Tuesday, October 12, 2021

The History of Love, by Nicole Krauss

In 2005, Nicole Krauss’s layered work The History of Love was published. As in Carlos Ruiz Zafon’s novel The Shadow of the Wind, we have an intergenerational mystery of lives in danger, at its heart a love story. 

In The History of Love, the mystery is about a book of that title being translated by a girl’s mother. Who actually wrote it, why is our young heroine, Alma, named after the girl in the book, what happened to the girl in the book? 

Krauss fully captures the voices of her three narrators: 
Leo Gursky (an old Jewish man, WWII refugee living in New York. We see a boy from a village in Poland, in love with a girl whom, in the chaos of the buildup to war, he lost track of): “Then one day I was looking out the window. Maybe I was contemplating the sky. Put even a fool in front of the window and you’ll get a Spinoza. The afternoon passed, darkness sifted down. I reached for the chain on the bulb and suddenly it was as if an elephant had stepped on my heart. I fell to my knees. I thought: I didn’t live forever. A minute passed. Another minute. Another. I clawed at the floor, pulling myself along toward the phone.” 

Alma Singer: “I WAS SIX WHEN MY FATHER WAS DIAGNOSED WITH PANCREATIC CANCER. That year my mother and I were driving together in the car. She asked me to pass her bag. ‘I don’t have it,’ I said. ‘Maybe it’s in the back,’ she said. But it wasn’t in the back. She pulled over and searched the car, but the bag was nowhere to be found. She put her head in her hands and tried to remember where she’d left the bag. She was always losing things. ‘One of these days,’ she said, ‘I’m going to lose my head.’ I tried to picture what would happen if she lost her head. In the end, though, it was my father who lost everything: weight, his hair, various internal organs.” 

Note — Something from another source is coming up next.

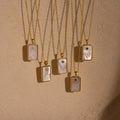 Five elegant gold chain necklaces with rectangular pendants, each adorned with engraved designs, small colored gems, and pearls—a stylish Pearl Zodiac Birthstone Necklace perfect for personalized jewelry lovers.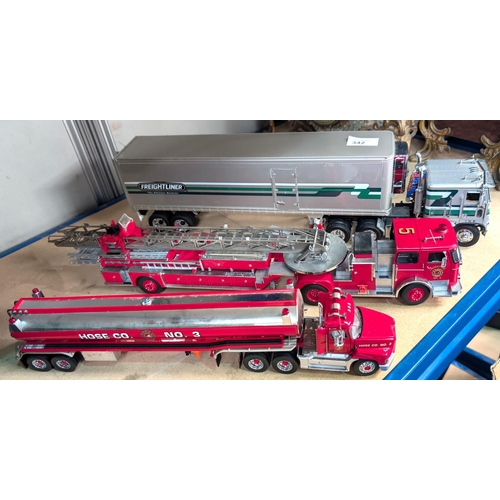 342 - Three large scale diecast vehicles, a fire engine, a tanker and a freighter.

Bird Singer (Alma’s younger brother, who believes he is one of the 36 lamed vovniks, holy people on whom the existence of the world depends): “I have been a normal person for three days in a row. What this means is that I have not climbed on top of any buildings or written G-d’s name on anything that doesn’t belong to me or answered a perfectly normal question with a saying from the Torah. It also means I have not done anything where the answer would be NO to the question: WOULD A NORMAL PERSON DO THIS? So far it hasn’t been that hard.” 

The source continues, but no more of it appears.